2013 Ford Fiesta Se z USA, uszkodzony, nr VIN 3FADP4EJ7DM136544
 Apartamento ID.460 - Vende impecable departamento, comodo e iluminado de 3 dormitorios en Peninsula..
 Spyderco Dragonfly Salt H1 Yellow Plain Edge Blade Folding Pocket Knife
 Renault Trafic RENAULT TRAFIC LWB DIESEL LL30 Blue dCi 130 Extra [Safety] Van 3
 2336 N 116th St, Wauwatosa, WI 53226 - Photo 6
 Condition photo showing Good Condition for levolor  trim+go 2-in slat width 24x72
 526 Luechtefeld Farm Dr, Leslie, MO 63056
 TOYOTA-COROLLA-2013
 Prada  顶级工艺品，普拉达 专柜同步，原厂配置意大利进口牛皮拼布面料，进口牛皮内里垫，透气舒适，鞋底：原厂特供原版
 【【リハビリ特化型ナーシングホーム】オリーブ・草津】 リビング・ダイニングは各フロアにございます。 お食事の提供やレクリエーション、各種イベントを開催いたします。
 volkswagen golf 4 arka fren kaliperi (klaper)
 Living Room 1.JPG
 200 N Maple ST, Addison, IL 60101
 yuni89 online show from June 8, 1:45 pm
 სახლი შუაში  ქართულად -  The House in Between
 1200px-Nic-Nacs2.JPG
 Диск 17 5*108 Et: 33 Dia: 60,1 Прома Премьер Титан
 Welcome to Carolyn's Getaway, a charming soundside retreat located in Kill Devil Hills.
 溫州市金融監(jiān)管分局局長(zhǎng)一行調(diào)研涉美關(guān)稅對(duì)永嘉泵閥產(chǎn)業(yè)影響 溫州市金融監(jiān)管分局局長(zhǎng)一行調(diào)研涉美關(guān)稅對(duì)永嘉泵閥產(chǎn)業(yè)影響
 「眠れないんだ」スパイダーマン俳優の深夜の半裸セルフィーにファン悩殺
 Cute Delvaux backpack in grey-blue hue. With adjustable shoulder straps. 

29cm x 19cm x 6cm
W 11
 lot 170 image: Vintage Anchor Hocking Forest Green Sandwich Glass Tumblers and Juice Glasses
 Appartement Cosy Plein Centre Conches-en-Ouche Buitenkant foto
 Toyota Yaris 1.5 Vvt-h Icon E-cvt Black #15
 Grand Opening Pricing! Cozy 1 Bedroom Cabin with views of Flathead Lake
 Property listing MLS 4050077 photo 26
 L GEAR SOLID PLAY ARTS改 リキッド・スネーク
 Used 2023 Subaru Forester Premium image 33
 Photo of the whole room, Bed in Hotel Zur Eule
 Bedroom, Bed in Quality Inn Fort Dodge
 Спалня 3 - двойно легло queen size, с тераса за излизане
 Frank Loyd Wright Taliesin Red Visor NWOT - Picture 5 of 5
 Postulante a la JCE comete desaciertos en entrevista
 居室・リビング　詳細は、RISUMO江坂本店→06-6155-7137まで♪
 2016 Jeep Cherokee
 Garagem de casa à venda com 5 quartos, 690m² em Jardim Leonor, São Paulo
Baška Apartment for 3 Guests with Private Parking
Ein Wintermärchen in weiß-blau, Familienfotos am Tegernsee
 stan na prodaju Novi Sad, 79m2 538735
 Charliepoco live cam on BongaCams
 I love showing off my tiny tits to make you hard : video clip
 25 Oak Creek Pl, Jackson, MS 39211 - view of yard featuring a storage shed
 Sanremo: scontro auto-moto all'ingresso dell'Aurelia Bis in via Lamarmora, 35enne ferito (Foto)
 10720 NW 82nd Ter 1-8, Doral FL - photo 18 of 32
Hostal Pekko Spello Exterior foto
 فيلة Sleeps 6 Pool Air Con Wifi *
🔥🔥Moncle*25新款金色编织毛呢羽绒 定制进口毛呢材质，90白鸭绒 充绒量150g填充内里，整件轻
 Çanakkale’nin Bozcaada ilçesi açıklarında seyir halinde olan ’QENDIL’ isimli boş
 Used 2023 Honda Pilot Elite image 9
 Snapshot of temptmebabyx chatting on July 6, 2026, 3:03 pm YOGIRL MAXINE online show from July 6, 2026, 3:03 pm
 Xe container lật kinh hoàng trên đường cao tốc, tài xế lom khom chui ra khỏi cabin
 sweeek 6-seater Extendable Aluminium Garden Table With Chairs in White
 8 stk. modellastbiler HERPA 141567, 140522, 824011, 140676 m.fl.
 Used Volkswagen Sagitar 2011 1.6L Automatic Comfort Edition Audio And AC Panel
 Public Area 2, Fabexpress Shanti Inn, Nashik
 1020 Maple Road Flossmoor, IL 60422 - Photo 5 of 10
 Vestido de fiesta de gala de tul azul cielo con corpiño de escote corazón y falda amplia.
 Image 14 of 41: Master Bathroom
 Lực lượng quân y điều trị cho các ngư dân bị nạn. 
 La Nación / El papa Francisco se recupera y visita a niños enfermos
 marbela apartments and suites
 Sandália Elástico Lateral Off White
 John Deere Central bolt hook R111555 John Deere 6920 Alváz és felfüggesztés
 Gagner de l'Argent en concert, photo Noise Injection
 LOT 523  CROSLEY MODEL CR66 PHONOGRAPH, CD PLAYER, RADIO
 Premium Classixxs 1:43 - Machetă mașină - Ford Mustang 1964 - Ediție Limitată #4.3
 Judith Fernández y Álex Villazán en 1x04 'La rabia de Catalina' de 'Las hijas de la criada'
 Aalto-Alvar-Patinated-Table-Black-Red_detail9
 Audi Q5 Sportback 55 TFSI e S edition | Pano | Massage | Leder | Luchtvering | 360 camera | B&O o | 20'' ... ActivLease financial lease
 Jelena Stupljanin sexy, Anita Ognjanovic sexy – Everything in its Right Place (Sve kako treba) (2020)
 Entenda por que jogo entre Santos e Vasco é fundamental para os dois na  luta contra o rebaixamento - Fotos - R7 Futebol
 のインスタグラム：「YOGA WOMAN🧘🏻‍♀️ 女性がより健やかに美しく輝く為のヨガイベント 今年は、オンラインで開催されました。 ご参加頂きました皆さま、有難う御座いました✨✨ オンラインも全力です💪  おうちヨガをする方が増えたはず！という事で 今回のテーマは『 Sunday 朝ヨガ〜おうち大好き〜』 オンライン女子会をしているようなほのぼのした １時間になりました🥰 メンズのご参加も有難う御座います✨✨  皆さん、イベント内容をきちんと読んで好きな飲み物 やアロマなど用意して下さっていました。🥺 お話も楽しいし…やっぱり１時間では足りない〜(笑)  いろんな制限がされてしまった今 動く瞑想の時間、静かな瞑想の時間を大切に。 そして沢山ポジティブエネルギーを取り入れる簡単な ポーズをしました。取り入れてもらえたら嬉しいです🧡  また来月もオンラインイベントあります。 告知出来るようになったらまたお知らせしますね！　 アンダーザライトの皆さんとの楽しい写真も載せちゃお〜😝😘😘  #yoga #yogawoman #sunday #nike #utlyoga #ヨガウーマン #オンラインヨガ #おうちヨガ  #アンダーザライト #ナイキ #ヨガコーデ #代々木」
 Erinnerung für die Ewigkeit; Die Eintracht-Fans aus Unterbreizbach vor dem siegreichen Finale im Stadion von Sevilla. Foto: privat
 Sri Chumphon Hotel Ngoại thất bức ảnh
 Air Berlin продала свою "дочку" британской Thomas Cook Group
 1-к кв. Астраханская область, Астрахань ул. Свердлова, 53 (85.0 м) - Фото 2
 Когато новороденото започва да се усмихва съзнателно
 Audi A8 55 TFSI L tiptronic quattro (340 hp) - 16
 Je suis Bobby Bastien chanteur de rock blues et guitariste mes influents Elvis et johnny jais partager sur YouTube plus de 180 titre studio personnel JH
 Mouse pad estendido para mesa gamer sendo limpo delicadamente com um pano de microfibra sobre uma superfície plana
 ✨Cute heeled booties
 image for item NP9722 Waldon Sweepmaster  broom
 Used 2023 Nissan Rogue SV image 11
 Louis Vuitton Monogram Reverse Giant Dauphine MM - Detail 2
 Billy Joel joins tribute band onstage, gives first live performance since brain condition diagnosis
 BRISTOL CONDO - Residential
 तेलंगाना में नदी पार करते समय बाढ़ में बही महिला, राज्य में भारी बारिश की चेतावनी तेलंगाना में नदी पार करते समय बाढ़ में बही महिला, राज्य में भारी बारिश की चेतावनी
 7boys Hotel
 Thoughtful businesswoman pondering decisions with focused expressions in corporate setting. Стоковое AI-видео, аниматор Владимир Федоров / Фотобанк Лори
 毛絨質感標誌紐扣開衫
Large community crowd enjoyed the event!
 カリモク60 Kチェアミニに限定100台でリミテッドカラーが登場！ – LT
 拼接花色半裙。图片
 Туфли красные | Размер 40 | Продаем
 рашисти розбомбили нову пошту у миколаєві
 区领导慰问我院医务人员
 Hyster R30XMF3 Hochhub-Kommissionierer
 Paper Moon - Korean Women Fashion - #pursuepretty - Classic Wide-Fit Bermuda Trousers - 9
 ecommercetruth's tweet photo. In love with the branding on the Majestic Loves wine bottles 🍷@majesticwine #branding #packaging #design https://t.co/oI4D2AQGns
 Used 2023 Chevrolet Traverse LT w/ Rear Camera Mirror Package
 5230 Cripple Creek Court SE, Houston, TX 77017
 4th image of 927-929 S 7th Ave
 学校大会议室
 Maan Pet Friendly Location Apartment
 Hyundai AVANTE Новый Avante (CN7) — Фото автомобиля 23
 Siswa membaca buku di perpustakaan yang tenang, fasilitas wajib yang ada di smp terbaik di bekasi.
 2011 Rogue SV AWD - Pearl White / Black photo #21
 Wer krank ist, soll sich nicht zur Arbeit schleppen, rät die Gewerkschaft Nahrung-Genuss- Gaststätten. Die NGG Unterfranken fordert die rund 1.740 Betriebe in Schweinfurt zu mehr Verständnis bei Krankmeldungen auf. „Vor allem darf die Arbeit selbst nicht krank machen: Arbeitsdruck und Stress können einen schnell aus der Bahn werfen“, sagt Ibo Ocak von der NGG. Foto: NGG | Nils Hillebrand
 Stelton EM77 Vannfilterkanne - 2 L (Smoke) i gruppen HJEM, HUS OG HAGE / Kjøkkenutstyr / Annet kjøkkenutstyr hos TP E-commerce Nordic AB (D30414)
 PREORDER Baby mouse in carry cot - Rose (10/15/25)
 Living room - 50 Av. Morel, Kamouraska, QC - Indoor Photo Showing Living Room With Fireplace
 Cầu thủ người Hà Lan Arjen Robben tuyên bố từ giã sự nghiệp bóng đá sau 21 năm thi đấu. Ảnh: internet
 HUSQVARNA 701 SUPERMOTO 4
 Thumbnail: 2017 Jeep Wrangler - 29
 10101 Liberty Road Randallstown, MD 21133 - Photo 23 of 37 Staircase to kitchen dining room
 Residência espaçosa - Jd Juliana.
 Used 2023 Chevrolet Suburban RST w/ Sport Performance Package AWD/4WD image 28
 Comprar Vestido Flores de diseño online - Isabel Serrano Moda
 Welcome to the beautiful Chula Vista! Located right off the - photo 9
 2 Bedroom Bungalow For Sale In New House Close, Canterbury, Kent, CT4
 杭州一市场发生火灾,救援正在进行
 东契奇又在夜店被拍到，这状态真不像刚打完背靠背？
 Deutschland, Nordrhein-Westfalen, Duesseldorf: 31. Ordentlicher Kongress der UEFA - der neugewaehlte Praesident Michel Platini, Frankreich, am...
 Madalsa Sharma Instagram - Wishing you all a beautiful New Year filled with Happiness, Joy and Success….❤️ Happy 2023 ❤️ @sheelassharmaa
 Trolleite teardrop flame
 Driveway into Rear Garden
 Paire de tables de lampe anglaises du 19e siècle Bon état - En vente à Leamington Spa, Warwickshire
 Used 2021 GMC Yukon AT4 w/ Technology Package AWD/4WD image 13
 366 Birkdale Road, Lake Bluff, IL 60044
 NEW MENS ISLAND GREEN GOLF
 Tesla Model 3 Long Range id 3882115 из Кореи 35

******************************

WHAT IS NEEDED → Filter the listing above, keeping only the lines with "Bedroom".

ANSWER SECTION →
 Grand Opening Pricing! Cozy 1 Bedroom Cabin with views of Flathead Lake
 Bedroom, Bed in Quality Inn Fort Dodge
 2 Bedroom Bungalow For Sale In New House Close, Canterbury, Kent, CT4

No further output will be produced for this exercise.